MANILA, Philippines (UPDATED) – After Malacañang issued a 90-day suspension order against him, Overall Deputy Ombudsman Melchor Arthur Carandang can now go to the Supreme Court (SC) and challenge it.

Carandang may challenge it on the ground that a 2014 SC ruling declared unconstitutional the power of the President to discipline or remove the Deputy Ombudsmen.

Retired Supreme Court justice Vicente Mendoza said that it is Carandang, as the aggrieved party, who can go to the SC and not Malacañang as earlier implied by Presidential Spokesperson Harry Roque.

“OP (Office of the President) wants to revisit that ruling…OP [is] confident it can reverse anew,” Roque said on Monday.

“It will have to be Carandang [who files a case], because he’s the one suspended,” Mendoza said in a phone interview with Rappler.

Carandang may even apply for a temporary restraining order (TRO) at this point.

“My office is ready to defend the action of the Office of the President in suspending Carandang. We are confident that the Supreme Court will reverse its 2014 ruling,” Solicitor General Jose Calida said on Tuesday, January 30.

Carandang was suspended for alleged illegal disclosure of bank details of President Rodrigo Duterte and the first family. Carandang leads the Ombudsman’s investigation into Duterte’s alleged ill-gotten wealth.

Reverse?

Can the SC reverse its ruling?

Integrated Bar of the Philippines (IBP) national president Abdiel Dan Fajardo believes that it can’t.

For Fajardo, the doctrine of stare decisis applies. It is a Latin phrase that means to “stand by decided matters.”

“Article VIII of the Constitution doesn’t even grant SC the power to be an appellate court of its own decision. SC decision when final becomes part of the law of the land per civil code. So being law already, SC may not usurp legislative power by simply reversing it,” Fajardo said.

Though he personally believes the 2014 ruling is correct, Mendoza said the High Court can always reconsider.

Mendoza said, however, that it is wrong to brand it as a reversal.

“You do not reverse because the SC is the last of a hierarchy, there’s no other place to appeal but the SC. If the decision is already final, you cannot ask to reverse it,” he said.

Mendoza added, “In another case, and the same question is raised, the party in the second case can ask SC to reconsider its ruling.”

In the event that the SC decides to put it to a vote, there’s uncertainty for Carandang.

The vote in 2014 was 8-7. Of the 8 votes, only Associate Justices Presbitero Velasco, Teresita Leonardo-de Castro, Lucas Bersamin, and Marvic Leonen are sitting justices.
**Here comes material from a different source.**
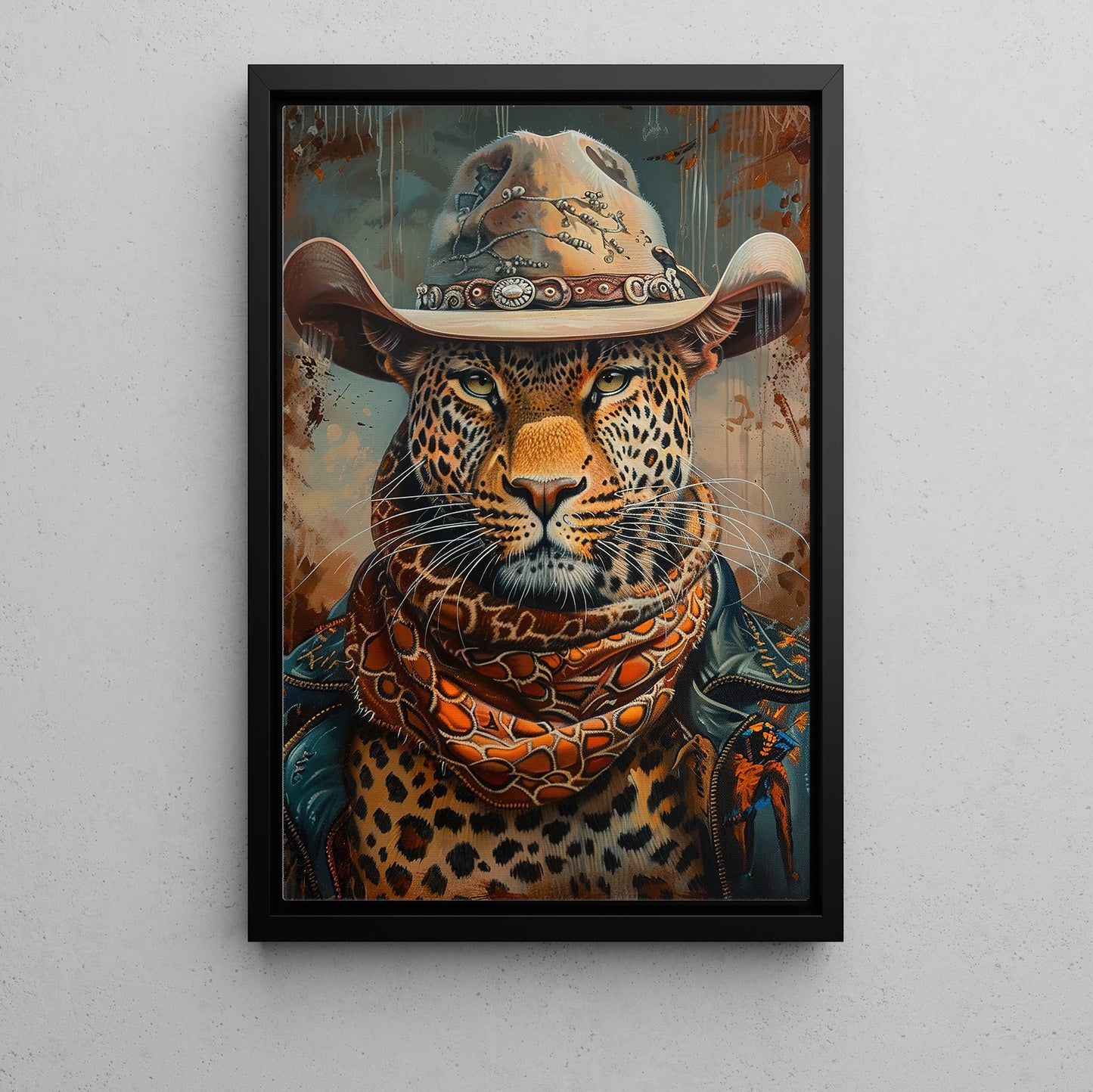 The Cowboy Leopard, Victorian Leopard Canvas Painting, Victorian Animal Wall Art Decor, Poster Gift For Leopard Lovers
Of the 7 dissenting votes, Chief Justice Maria Lourdes Sereno, Senior Associate Justice Antonio Carpio, and Associate Justices Diosdado Peralta, Mariano del Castillo, and Estela Perlas-Bernabe remain in the SC.

Who can discipline Ombudsman execs?

The main question is: if not the President, then who can discipline officials from the Office of the Ombudsman?

“To me, the one who can discipline them is the Ombudsman, not the President,” Mendoza said.

Mendoza added that he personally believes the 2014 SC ruling is correct in that “the Office of the Ombudsman is an independent agency.”

Calida, citing Carpio’s dissenting opinion then, said that “the independence of the Office of the Ombudsman is not the same as the independence provided to other governmental bodies such as the Judiciary.”

‘Turf war’

Fajardo said that if and when Ombudsman Conchita Carpio Morales refuses to enforce the suspension order, then Malacañang can go to the SC.

“If [the] Ombudsman defies it and allows Carandang to continue working on the ground that the order is patently illegal, [Malacañang] might have to seek [an] SC writ to enforce it,” Fajardo said.

Another recourse is to file administrative cases against Malacañang officials for enforcing an unconstitutional provision. But that would have to be filed before the Office of the Ombudsman, because they exercise jurisdiction over public officials.

“Then it becomes a turf war,” Fajardo said.

ACT-Teachers Representative Antonio Tinio said Malacañang demonstrated “an utter contempt for the Judiciary and the rule of law that the President is mandated to uphold.”

Aside from administrative cases, can an ethics or a disbarment complaint be filed against, for example, Executive Secretary Salvador Medialdea for issuing the suspension order?

“I’ll leave that to the lawyers. But we all know that he’s merely acting for and in behalf of the President,” Tinio said.

Fajardo declined to comment because ethics cases against lawyers are processed by the IBP.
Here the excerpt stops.